Jobs for the handicapped? Information is the key

  • 2000-04-06
  • By Anna Pridanova
RIGA – Some claim that the handicapped are unemployed because they are not interested in working, until the state compensates their inability to maintain themselves; others say that they are legally unprotected in the work market, and therefore employers don't want to take responsibility for possible accidents which might happen to employees.

According to Lolita Andersone, the coordinator of a work group preparing drafts for the Employment Law now reviewed in Parliament's Commission of Human Rights, the essence of the problem is the Soviet heritage in the legal system and lack of NGO activities in motivating handicapped to seek jobs.

The legal problems start with the totally inherited Soviet practice of assigning the level of disability to one of three groups. Assignation to a particular group depends on the the family doctor's judgment. Some persons, in respect to the level of their physical disability, can get an additional formal statement on their disability card , "permanently disabled," that does not formally prohibit employing the holder of such a card.

Besides this, the disability card does not contain any additional information about the kind of work the person is able to do. Therefore the potential employer has no relevant information about the qualities of the candidate. This makes the system of identifying the disability level inefficient.

The other problem regarding this statement occurs when one regards it in the context of the Employment Law that defines the status of an unemployed person. It states that the status of an unemployed person (assigned by the State Employment Service), and therefore the right to get state assistance in searching for a suitable job, and to receive unemployment benefits from the state, is available only to those persons capable of working. This means that in the case of losing his or her job, the disabled person is deprived of state protection under paragraph 106 of the Latvian Constitution "the right to freely choose a job and workplace according to his or her aptitude and qualification" through the denial of access to information the State provides to those with the unemployment status.

The deputy director of the Latvian University's Institute of Human Rights, Gita Ozolina, supposes that concerning deprivation of the unemployment benefits there is no contradiction between the state's obligations to protect its citizens, because the state implements its obligations by paying social allowances to every disabled person (accordingly to the level of disability). But regarding paragraph 106 mentioned above, she said, "The state should help these people in terms of job seeking assistance".

Martins Mits, the acting director of the same institution claims "the content of political and civil rights included in the constitution is more or less clear. The content of the economic rights is less clear. The process of crystallization of the content of economical rights will consume more time. This is a common situation for relatively new codes, such as section 8 of the Latvian Constitution, that regulates human rights."
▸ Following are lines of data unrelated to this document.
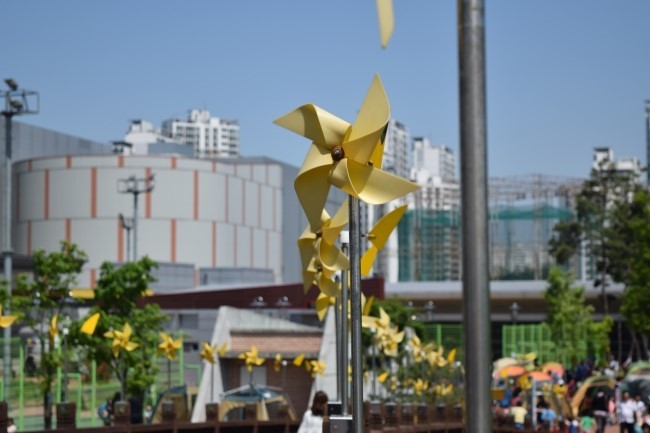 어버이도 즐거웠던 어린이날의 오산시 맑음터공원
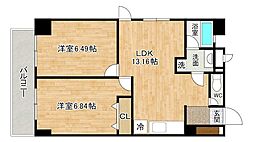タカフジ・アパートメント 9階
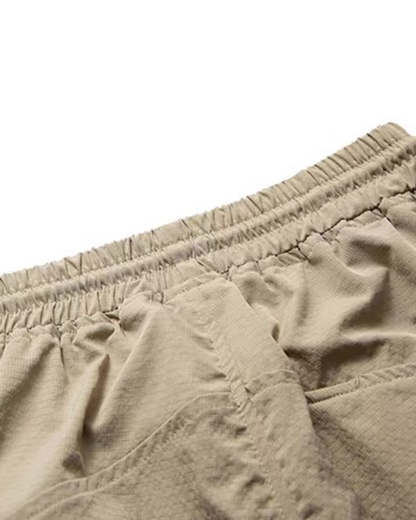 【URBANEST】リップストップイージーショートパンツ 3color UN0027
The head of the State Employment Service, Andris Silins, agrees that there is a certain contradiction, though he claims that "the Employment Service never denys them [disabled persons] access to information about vacancies under the same conditions as persons without unemployment status can acquire." Still, he believes that this question is out of his field, though he has raised it several times at governmental sessions.

Lolita Andersone believes that the problem of attracting entrepreneurs to employ disabled people is not only the matter of their low qualification, but the matter of the great expenses of adjusting the workshop to the particular requirements of the handicapped. There are some NGOs that assist these people to get jobs though this often results from the individual approach and seems to be a kind of self-employment. She believes that one possible solution is to introduce certain state practices to inform entrepreneurs about the possibility to use the work of disabled people. The problem is that there is no information about this opportunity, neither entrepreneur-oriented, nor handicapped-oriented, said Andersone.
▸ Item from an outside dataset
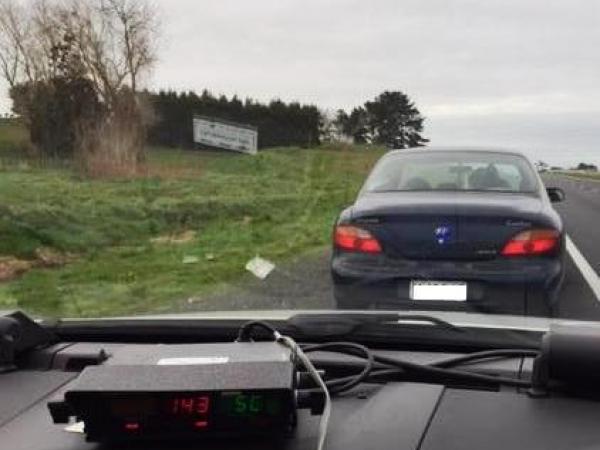 Too many too fast is the message from Waikato Police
Ritvars Brisk, the senior expert at the Department of Employment Politics of the Ministry of Welfare explained that there are annual tenders for the projects directed toward the creation of new work positions for unemployed where disabled persons are one of the priority groups. These tenders are conveyed in cooperation with the State Employment Service and enjoyed great response last year with 212 proposals received of which enterprises accounted for one third of the responses. But the problem here is that the new work positions created this way are available only to those with "unemployed" status. The employment of the rest of the handicapped falls to two State Rehabilitation Centers which provide additional professional education and NGO initiatives.

Several larger, more active NGOs, when asked whether they had any particular information distribution projects, responded negatively. Though almost every organization dealing with the integration of disabled people created their own data bases and provides some information about possible positions, the practice of implementing large scale information distribution projects is not yet developed.